Quien ha pasado por la experiencia de asistir a un funeral de un pariente o amigo, no vuelve jamás a ser la misma persona. Menos, si éste fue parte del llamado círculo familiar cercano.
Comenzamos a entender la Vida no con la percepción ajena. Ese conocimiento permanece más allá del duelo, del dolor y la ausencia del ser, cuyo cuerpo dejamos en el camposanto.
Aunque existe la costumbre desde hace varios años al velatorio fuera de la vivienda, aún muchos hacen la excepción y prefieren velar sus muertos en casa.
Es allí, ya en la casa y su entorno o en la funeraria, donde expresamos nuestras condolencias con los parientes y en esas circunstancias en las que nos parece la ternura hace presa del ser humano.
Las rivalidades políticas, religiosas, económicas y hasta de status, se minimizan.
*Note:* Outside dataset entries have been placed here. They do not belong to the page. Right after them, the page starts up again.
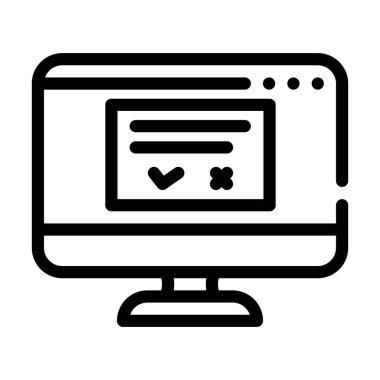 İşletim sistemi çizgi vektör illüstrasyonunu kabul et ya da reddet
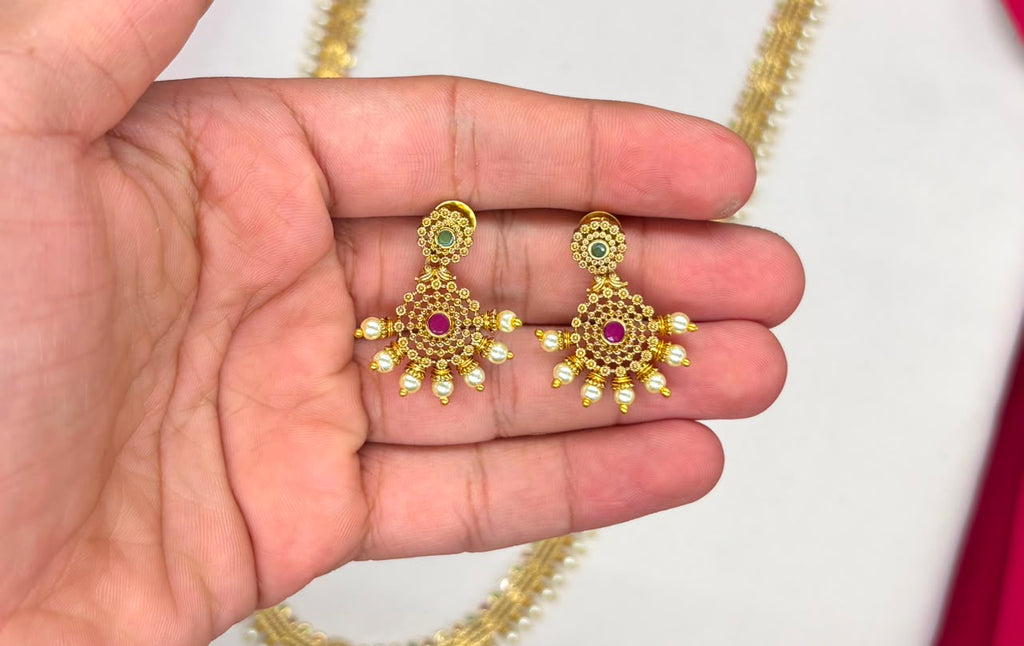 matte finishing multi-color stones with pearls long haram Necklace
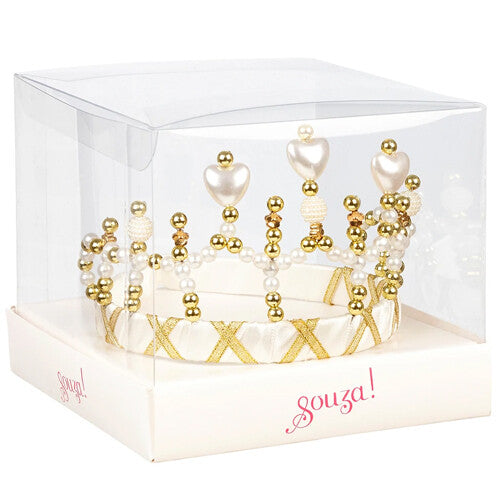 Souza for Kids kroon Josephine, een witte en gouden kinder kroon met parels en hartjes, in de doorzichtige productverpakking.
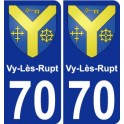 70 Vy-Lès-Rupt coat of arms sticker plate stickers city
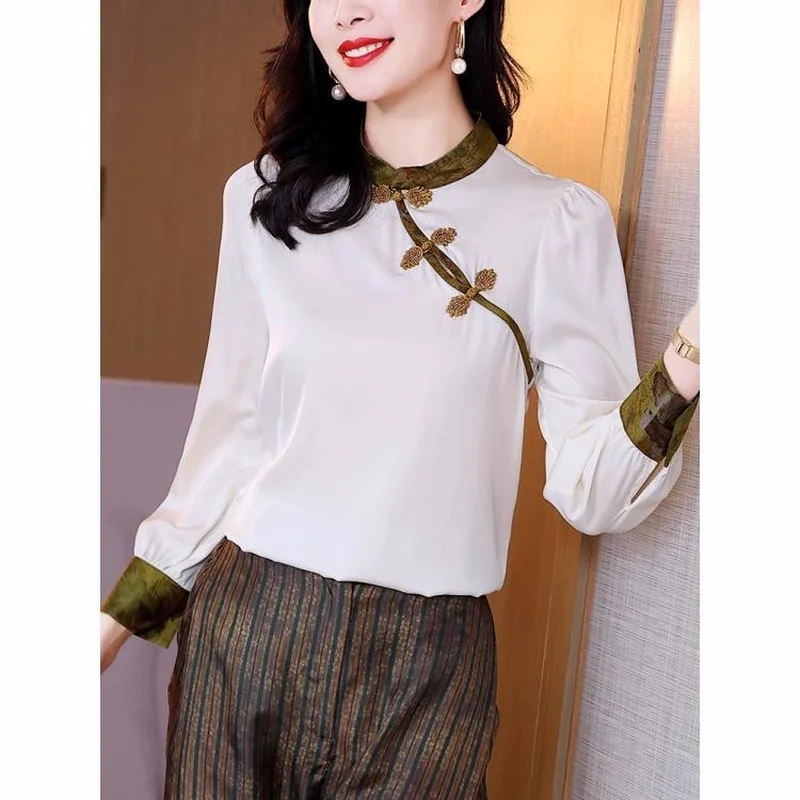 

Retro heavy pound simulation blouse female 2022 spring and summer new printed stand -up collar long -sleeved blouse female tops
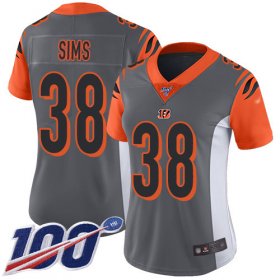 Wholesale Cheap Nike Bengals #38 LeShaun Sims Silver Women\'s Stitched NFL Limited Inverted Legend 100th Season Jersey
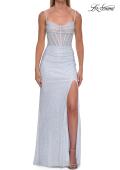 Picture of: Rhinestone Fitted Gown with Draped Bodice and Sheer Corset Back in White, Style: 33343, Detail Picture 21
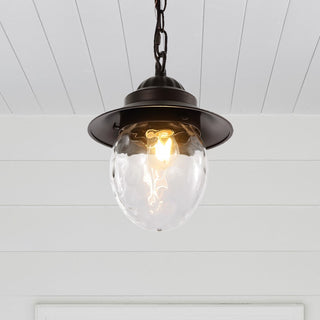 Manteo 8.25"  Farmhouse Industrial Iron/Glass Outdoor LED Pendant - JONATHAN Y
El saludo no falta entre dirigentes políticos que muchas veces mantienen enconadas discrepancias públicas.
Es en las funerarias donde esos “rivales” se tornan actores y no faltan las risas y los cuentos y las remembranzas.
Y se habla muy bien del “muerto” y en vida ni siquiera le dirigían el saludo.
Allí entre el olor inconfundible de las “flores de muertos”, la risa sujetada, los cuentos, a veces hasta de colores… la firma, el sorbo de café, los abrazos, el apretón de manos, la “guardia de honor”, el encontrarnos con amigos con años sin verle (viviendo en la misma ciudad, barriada o comunidad), la conversación de las comadres y las vecinas, que no se “hablan” en la barriada pero en la funeraria si, yace inerte en el frío ataúd con las luces tenues de algunas velas encendidas, la persona a quien le brindamos el último adiós.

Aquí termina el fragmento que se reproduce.